大腸がんリスクを高める大腸菌に「緑茶」が効果的
私たちの腸内には無数の細菌が生息しており、その中には健康を支える”善玉”もいれば、時に健康を脅かす”悪玉”もいます。特に注意したいのが、pks+ E. coliというタイプの大腸菌です。この”悪役”は、コリバクチンという有害な物質を生成し、大腸がんのリスクを高める可能性があります。
最近の研究では、223人の健康な日本人成人を対象に、彼らの食生活が腸内のpks+ E. coliの存在にどのような影響を及ぼすかを調査しました。
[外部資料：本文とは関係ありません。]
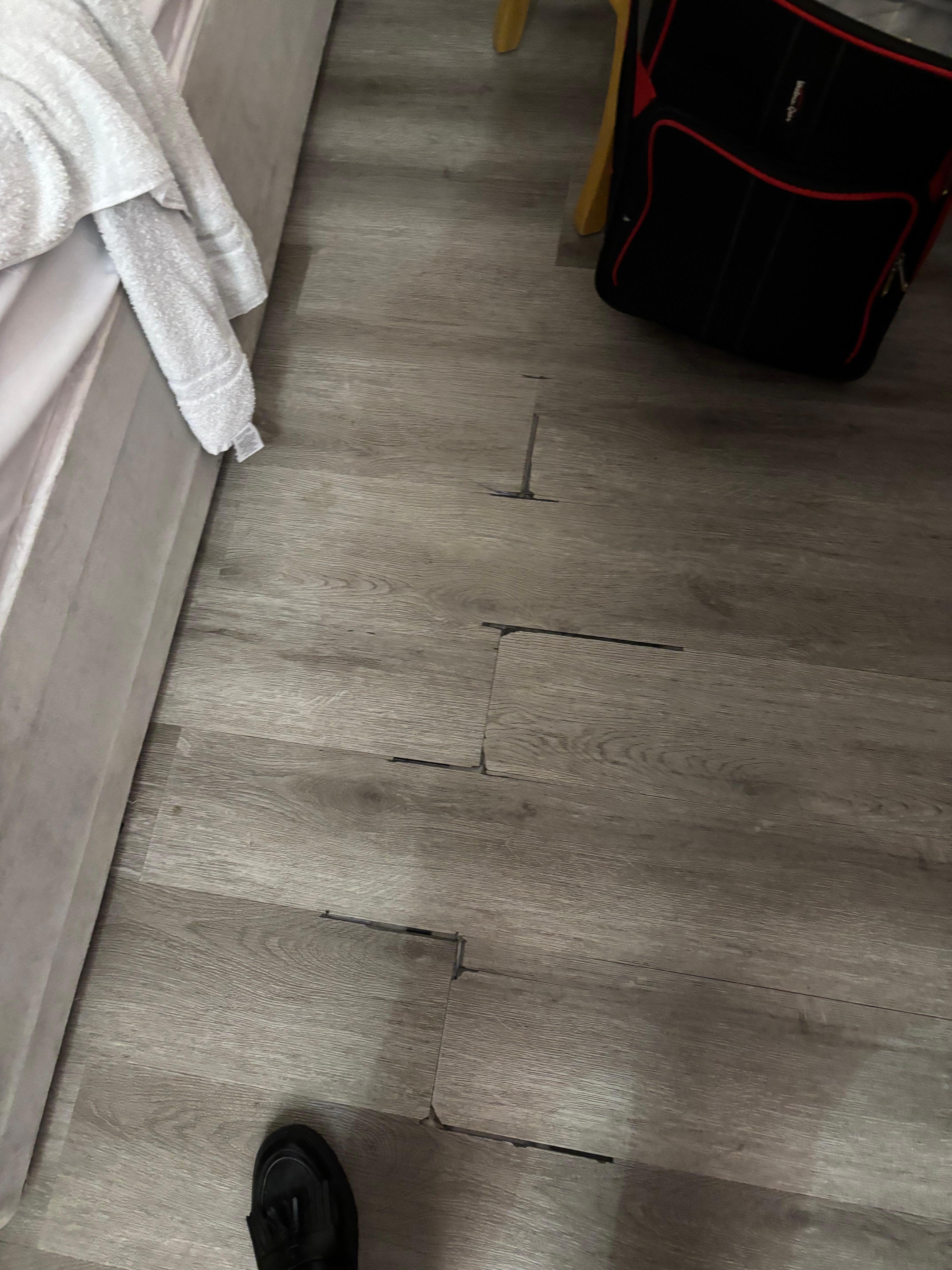Faulty floor tiles need replacement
食生活を詳しく見るために、食事の習慣や緑茶、マンガン(栄養素の一種)の摂取量をチェックしました。
驚くべきことに、緑茶をよく飲む人たちやマンガンを豊富に含む食品を多く摂取している人たちの腸内からは、この問題を引き起こす大腸菌が明らかに少ないことが判明しました。つまり、日々の食生活において、緑茶やマンガンを積極的に取り入れることが、大腸がん予防に役立つ可能性があるのです。
緑茶やマンガンってどこに含まれてるの?
特に注目したいのは、この研究で緑茶がマンガンの主な摂取源であることが明らかにされた点です。実は、緑茶から得られるマンガンが、参加者のマンガン摂取量全体の約75.6%を占めていたのです。
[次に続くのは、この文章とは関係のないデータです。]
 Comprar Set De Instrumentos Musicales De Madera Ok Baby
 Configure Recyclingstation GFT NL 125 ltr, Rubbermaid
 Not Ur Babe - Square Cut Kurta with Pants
マンガンは、他にも穀物、ナッツ、豆類、葉緑野菜などに豊富に含まれています。これらの食品を日々の食事に取り入れることで、マンガンの摂取量を自然に増やし、腸内環境の改善と大腸がん予防につなげることができます。
この研究は、食生活が腸内細菌と健康にどう影響するかを示す一例に過ぎませんが、緑茶やマンガンが豊富な食品の摂取が、腸内の”悪役”を減らし、大腸がんのリスクを低減する可能性を示唆しています。
もちろん、これは横断研究の結果であり、因果関係を確定づけるためにはさらなる研究が必要です。しかし、日常的に緑茶を楽しんだり、マンガンを多く含む食品を食べる習慣を始めることは、大腸がん予防への簡単な一歩となりうるでしょう。